Y Jesús carga con la cruz. Pero esa cruz pesa menos porque no camina solo. Porque lo llevan en volandas sus estantes, los monteagudeños que quieren compartir con Él un peso, el de la Cruz, y aliviar su dolor, aun cubierto por un manto de insidias, coronado de espinas, flagelado y dispuesto, sin embargo, a morir de forma callada por nosotros. Ese amor, nuevamente ese amor que simboliza el corazón, el sagrado corazón de Cristo.

Y Jesús recorrió, y vuelve a hacerlo, la Vía Dolorosa que conduce, irremisiblemente, al Calvario. Porque Él así lo quiso cuando pronunció aquellas palabras para la eternidad, y máxima expresión de una total entrega a los demás: “Hágase tu voluntad, y no la mía”.

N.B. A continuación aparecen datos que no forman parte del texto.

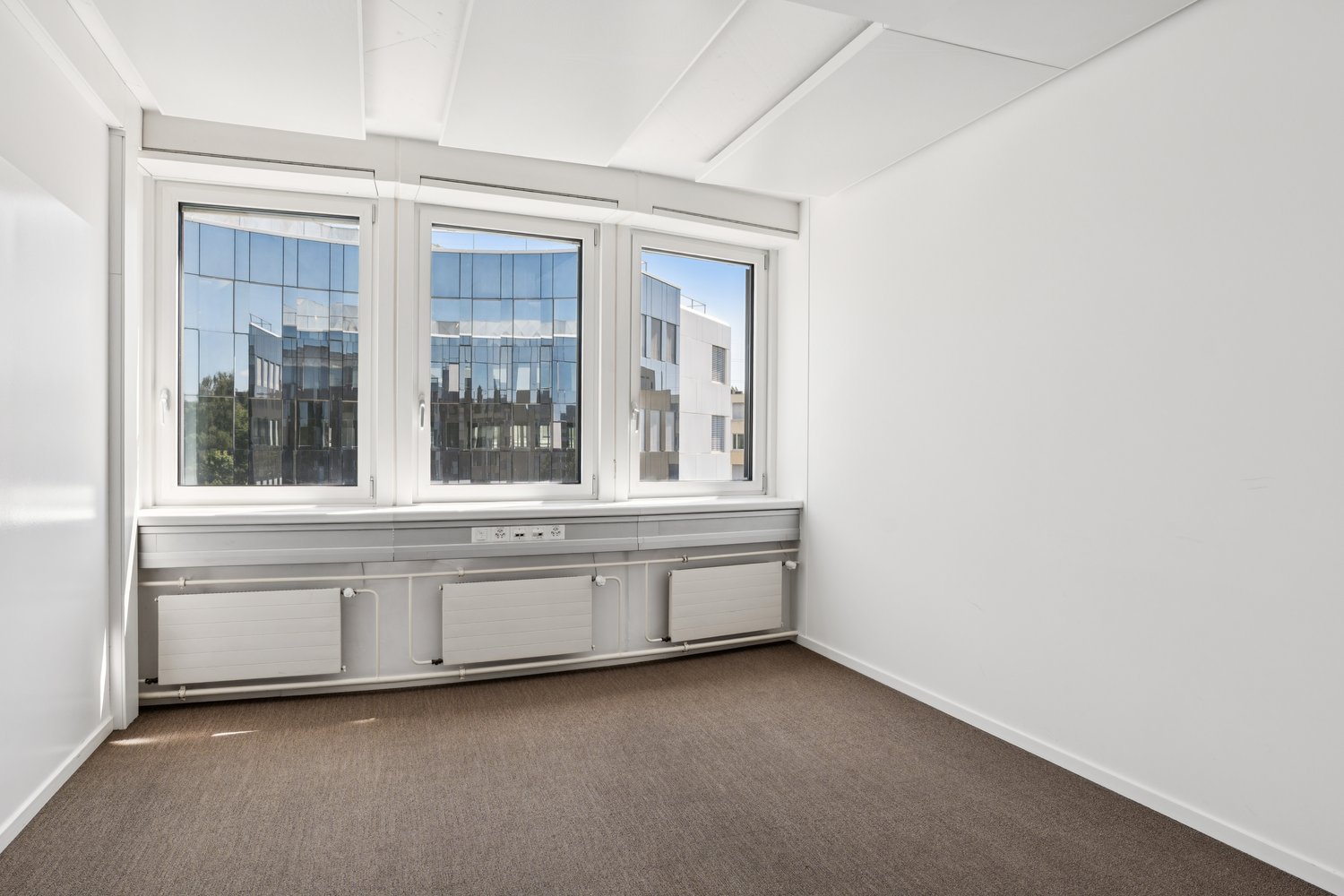 444m² office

Y se abrirá de nuevo la puerta de esta iglesia de Nuestra Señora de la Antigua para dar paso al Santísimo Cristo del Calvario.

Una advocación, la de vuestra parroquia, que también hunde sus raíces históricas en la ya lejana Edad Media. Fue entonces cuando el rey Fernando III, que obtendría el reconocimiento de la santidad años más tarde, se postró a los pies de la Virgen de los Reyes y Ésta le habló y le dijo: "Tienes una constante protectora en mi imagen de la Antigua, a la que tú quieres mucho".

Y dicho y hecho, el rey fue en busca de aquella imagen, que se encontraba en Sevilla, dicen que siendo ayudado por los ángeles para entrar a una ciudad que habría de conquistar, precisamente, el día que se conmemoraba a un santo nacido en nuestra región, San Isidoro.

Y por la puerta de este templo de Nuestra Señora de la Antigua, de moderna factura pero de honda tradición, saldrá el paso del Santísimo Cristo del Calvario.

Jesús ya ha sido clavado en la Cruz. En su agonía, se dispone a morir. “Todo está consumado”.

La noche se ciñe sobre Monteagudo, y los cofrades mostráis por las calles de vuestra localidad, ahora en silencio, el dolor de una Madre por un Hijo que ha aceptado con resignación su muerte, porque su muerte significaba vida.

María es imprescindible en la procesión murciana. No concebimos contemplar la Pasión sin la presencia de la Madre afligida. Queremos acercarnos a Ella, mostrarle nuestra condolencia. Sabemos que el suyo es un dolor infinito, pero queremos que sepa que puede contar con nosotros.

Es nuestra Madre. Así lo dijo el mismo Cristo en la Cruz al Discípulo Amado. Y no vamos a dejarla sola. Queremos consolarla, y, al tiempo, recibir también su consuelo, su ejemplo, su abnegado cumplimiento de la voluntad del Padre.

 

Quien pudiera, Cristo mío
librarte de tu agonía,
para quitarle las penas,
a nuestra Madre María.

 

Transcurre la procesión en Monteagudo. No queda ya apenas tiempo para verla comenzar. Transcurre la procesión en Monteagudo y lo hace también en nuestros corazones, en nuestro espíritu, en nuestro sentimiento.

Gracias a los que lo hacen posible, a los que, con su denodado esfuerzo, hacen que cada año Monteagudo acoja su Semana Santa. Gracias por el trabajo de estos doce meses, por vuestro compromiso cristiano, por vuestro ejemplo y vuestra generosidad. Gracias por haberme concedido la dicha de ser hoy vuestro pregonero.